Opening on the 2nd December 1936 the show consisted of news comedy and cartoons, and from 1937 local news shot on 16mm reversal film. A camera unit would go locally and film various events and conduct interviews. The 35mm projection equipment consisted of Super Simplex projectors, Peerless arcs and the RCA sound system
The idea to film local events was an idea by Corry W. Fennel, managing director of Allied. The projector was a Siemens machine installed at Chester, later believed to be replaced by a Amprex. To shoot the events an RCA sound camera with variable area recording was utilised and a small laboratory was set up in the Tatler building. Editing was also carried out at the theatre.

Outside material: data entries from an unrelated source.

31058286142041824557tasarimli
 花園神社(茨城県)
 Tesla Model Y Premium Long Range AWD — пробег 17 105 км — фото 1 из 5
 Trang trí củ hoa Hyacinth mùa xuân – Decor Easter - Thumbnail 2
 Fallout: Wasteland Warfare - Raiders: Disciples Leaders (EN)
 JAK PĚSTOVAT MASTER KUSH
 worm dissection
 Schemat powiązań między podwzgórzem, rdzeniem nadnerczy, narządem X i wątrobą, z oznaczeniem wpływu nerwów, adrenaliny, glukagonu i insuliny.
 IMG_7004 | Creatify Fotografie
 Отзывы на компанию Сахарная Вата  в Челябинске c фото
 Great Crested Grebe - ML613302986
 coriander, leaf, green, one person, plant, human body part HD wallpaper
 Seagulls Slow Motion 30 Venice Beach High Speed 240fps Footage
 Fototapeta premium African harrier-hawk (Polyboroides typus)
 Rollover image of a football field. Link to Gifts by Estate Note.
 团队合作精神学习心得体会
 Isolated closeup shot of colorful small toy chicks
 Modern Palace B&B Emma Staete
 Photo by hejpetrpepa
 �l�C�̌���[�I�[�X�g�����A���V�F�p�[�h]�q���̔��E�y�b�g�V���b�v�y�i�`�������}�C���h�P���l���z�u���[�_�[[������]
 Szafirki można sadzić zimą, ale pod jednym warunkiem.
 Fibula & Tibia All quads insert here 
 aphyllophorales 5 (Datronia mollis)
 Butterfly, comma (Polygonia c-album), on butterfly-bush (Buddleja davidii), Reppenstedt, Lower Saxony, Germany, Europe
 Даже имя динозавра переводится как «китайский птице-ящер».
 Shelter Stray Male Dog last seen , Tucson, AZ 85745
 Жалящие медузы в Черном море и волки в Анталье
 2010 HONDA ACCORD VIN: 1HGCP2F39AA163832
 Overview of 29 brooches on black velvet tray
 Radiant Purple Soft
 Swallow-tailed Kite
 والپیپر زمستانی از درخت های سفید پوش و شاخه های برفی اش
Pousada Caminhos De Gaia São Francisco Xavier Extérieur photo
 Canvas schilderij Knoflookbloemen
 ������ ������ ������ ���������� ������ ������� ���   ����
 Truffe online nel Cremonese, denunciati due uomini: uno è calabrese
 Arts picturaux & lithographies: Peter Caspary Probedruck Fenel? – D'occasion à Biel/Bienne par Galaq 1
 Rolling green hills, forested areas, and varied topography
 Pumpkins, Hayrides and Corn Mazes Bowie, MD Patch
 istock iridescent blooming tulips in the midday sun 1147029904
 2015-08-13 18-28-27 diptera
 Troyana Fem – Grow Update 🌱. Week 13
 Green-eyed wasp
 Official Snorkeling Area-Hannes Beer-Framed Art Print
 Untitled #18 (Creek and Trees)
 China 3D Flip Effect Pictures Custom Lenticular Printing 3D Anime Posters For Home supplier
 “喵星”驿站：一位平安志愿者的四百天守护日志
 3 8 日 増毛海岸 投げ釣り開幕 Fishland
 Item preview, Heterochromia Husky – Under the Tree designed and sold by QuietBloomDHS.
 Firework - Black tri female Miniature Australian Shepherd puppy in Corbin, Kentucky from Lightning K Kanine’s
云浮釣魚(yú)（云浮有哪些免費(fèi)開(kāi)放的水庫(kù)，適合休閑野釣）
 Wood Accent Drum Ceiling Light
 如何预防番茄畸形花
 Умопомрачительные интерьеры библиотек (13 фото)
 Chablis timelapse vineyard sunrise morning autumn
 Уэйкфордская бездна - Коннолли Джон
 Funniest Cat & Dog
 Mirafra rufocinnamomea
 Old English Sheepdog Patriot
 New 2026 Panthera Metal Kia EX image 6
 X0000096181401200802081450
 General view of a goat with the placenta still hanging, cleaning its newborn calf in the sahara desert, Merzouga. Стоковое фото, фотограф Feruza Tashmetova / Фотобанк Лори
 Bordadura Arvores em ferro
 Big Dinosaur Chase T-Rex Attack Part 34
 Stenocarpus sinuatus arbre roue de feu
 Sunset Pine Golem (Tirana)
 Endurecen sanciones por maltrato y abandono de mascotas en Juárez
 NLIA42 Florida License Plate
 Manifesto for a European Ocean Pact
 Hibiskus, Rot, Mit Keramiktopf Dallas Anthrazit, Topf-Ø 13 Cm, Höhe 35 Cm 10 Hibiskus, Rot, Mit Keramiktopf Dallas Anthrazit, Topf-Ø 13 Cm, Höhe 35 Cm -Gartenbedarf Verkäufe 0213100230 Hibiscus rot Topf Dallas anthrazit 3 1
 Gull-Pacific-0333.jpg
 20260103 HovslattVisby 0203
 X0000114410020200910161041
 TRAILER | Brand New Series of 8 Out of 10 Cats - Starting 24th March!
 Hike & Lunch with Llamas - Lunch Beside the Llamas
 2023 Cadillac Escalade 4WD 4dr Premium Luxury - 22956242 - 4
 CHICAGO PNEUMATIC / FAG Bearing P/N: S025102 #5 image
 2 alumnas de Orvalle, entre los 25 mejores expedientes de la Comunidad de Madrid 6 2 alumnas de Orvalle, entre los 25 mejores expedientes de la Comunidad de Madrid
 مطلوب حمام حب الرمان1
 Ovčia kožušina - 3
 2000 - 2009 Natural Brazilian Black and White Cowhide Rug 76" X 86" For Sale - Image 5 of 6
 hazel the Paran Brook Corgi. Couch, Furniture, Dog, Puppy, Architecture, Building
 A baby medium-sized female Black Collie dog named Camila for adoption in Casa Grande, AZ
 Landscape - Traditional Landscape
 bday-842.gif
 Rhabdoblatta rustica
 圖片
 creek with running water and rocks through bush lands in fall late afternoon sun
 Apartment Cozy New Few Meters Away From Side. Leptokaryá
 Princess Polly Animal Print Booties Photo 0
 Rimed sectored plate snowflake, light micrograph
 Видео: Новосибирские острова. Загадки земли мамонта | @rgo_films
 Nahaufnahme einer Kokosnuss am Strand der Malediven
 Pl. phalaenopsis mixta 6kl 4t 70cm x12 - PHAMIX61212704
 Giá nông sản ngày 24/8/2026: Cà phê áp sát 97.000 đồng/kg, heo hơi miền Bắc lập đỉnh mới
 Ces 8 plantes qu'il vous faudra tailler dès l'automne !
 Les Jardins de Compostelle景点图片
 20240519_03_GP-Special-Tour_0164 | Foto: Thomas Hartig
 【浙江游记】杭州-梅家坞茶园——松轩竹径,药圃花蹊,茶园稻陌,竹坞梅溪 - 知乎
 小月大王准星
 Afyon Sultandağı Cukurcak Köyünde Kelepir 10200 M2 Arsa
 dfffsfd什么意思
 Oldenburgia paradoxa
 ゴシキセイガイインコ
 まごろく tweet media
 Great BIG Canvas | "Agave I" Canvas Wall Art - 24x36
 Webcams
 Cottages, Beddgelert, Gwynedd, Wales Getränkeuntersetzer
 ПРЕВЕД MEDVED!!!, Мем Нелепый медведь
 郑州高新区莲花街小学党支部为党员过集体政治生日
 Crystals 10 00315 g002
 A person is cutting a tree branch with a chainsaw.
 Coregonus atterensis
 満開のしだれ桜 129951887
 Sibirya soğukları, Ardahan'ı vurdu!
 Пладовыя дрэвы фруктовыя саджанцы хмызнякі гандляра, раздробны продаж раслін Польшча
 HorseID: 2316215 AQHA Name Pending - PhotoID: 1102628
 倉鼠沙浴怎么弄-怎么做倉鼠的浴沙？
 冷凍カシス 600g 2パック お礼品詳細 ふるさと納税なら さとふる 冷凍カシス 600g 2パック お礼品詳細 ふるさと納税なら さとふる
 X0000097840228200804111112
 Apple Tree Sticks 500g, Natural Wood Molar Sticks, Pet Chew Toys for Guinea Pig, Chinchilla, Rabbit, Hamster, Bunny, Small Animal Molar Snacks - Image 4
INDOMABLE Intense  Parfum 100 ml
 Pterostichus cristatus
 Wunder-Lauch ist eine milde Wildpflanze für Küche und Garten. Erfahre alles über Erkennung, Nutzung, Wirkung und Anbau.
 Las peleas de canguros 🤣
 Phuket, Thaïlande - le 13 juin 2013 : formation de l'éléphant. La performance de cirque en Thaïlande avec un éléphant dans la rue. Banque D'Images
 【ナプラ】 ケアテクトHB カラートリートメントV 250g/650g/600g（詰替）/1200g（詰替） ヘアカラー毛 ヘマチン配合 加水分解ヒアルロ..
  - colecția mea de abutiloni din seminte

The first 16mm pictures to hit the the Tatler screen were interviews with the Mayor of Chester, boxer Jimmy Walsh and the Queen of the Chester Pageant, all with sound. There were also some silent screenings. This took place in March 1937.
Originally the film equipment was in situ at their Manchester theatre before being transferred to Chester. Fennell stated that the Chester theatre is better placed to bring their experiments to a successful conclusion; the laboratory is there, news is more centralised and weather conditions during the winter season are better than in Manchester. Fennel said in 1937 that careful experiments with 16mm sound on film local newsreels have been carried out during the last eight or nine months, and many prominent people have given screen interviews. These reels have been shown at the Manchester theatre intermittently for the last month or so, but at Chester they will become a regular feature in the programme from January 1938 onwards.
In 1945 a Dr Denis Ward teamed up with Fennell to produce 16mm documentary, educational and interest films. A unit started to function in the autumn of that year. By 1946 the unit was known as the Times Film Company. There were now premises at ten Grosvenor Street, where most of the production was controlled. The unit had five cameras, two Kodak, two Bell and Howell and one Bolex.
I wonder how many other news theatres in the UK screened local content?